| WHAT THE EXERCISE ASKS |
Begin at the line that has "Συναγερμός σην Αυστραλία: Μαίνονται", stop after the line that has "Kirayə verilir 2 otaqlı mənzil 85 m²", and print exactly those lines from the records below, without any pictures.

| INPUT DATA |
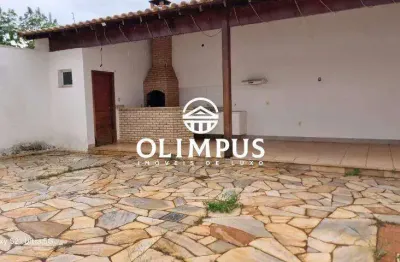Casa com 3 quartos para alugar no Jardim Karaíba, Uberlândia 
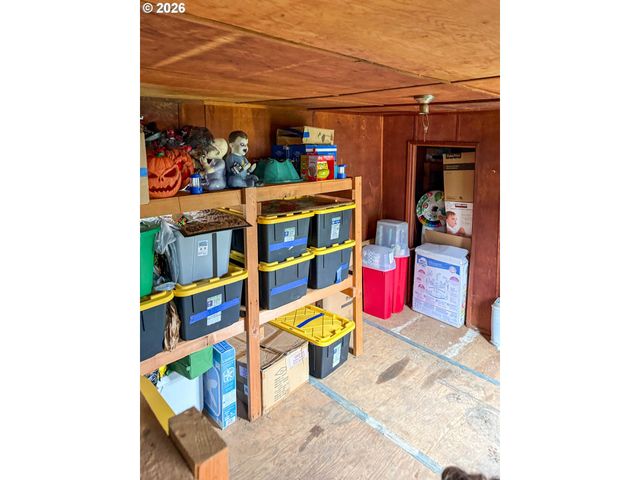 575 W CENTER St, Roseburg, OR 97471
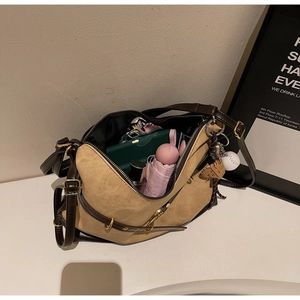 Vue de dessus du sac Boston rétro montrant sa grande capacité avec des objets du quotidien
* * *
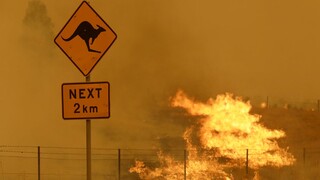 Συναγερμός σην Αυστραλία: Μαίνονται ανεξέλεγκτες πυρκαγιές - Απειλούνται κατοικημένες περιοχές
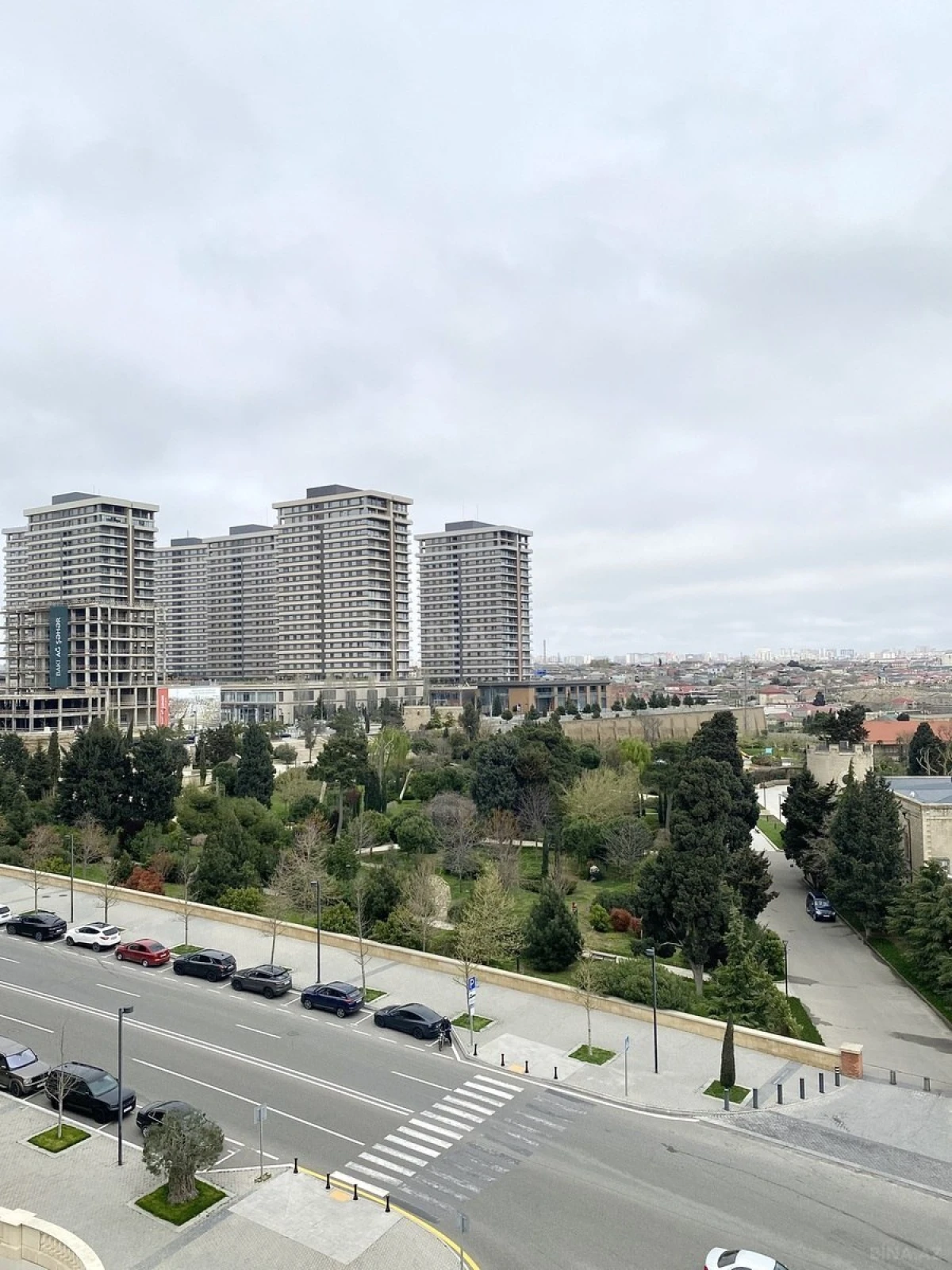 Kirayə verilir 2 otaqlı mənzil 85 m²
* * *
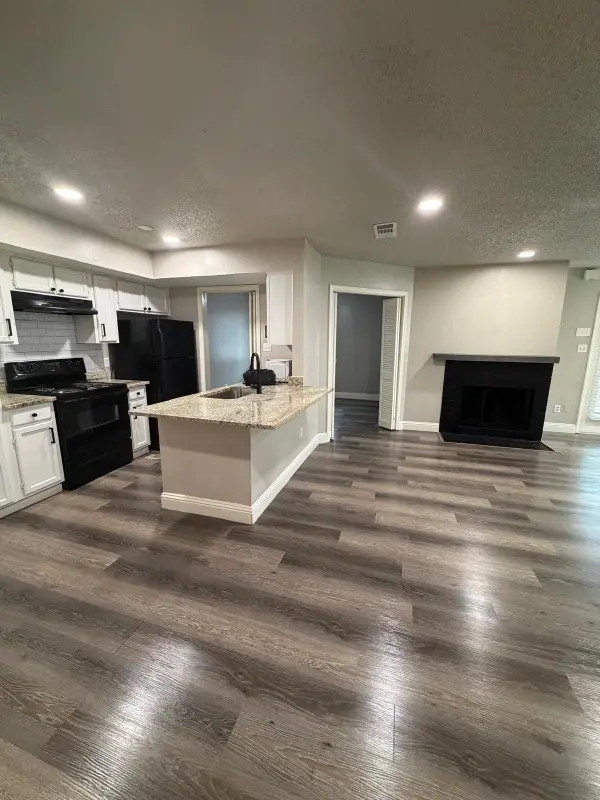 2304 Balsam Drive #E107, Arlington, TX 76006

| RESULT OF THIS TASK |
 Συναγερμός σην Αυστραλία: Μαίνονται ανεξέλεγκτες πυρκαγιές - Απειλούνται κατοικημένες περιοχές
 Kirayə verilir 2 otaqlı mənzil 85 m²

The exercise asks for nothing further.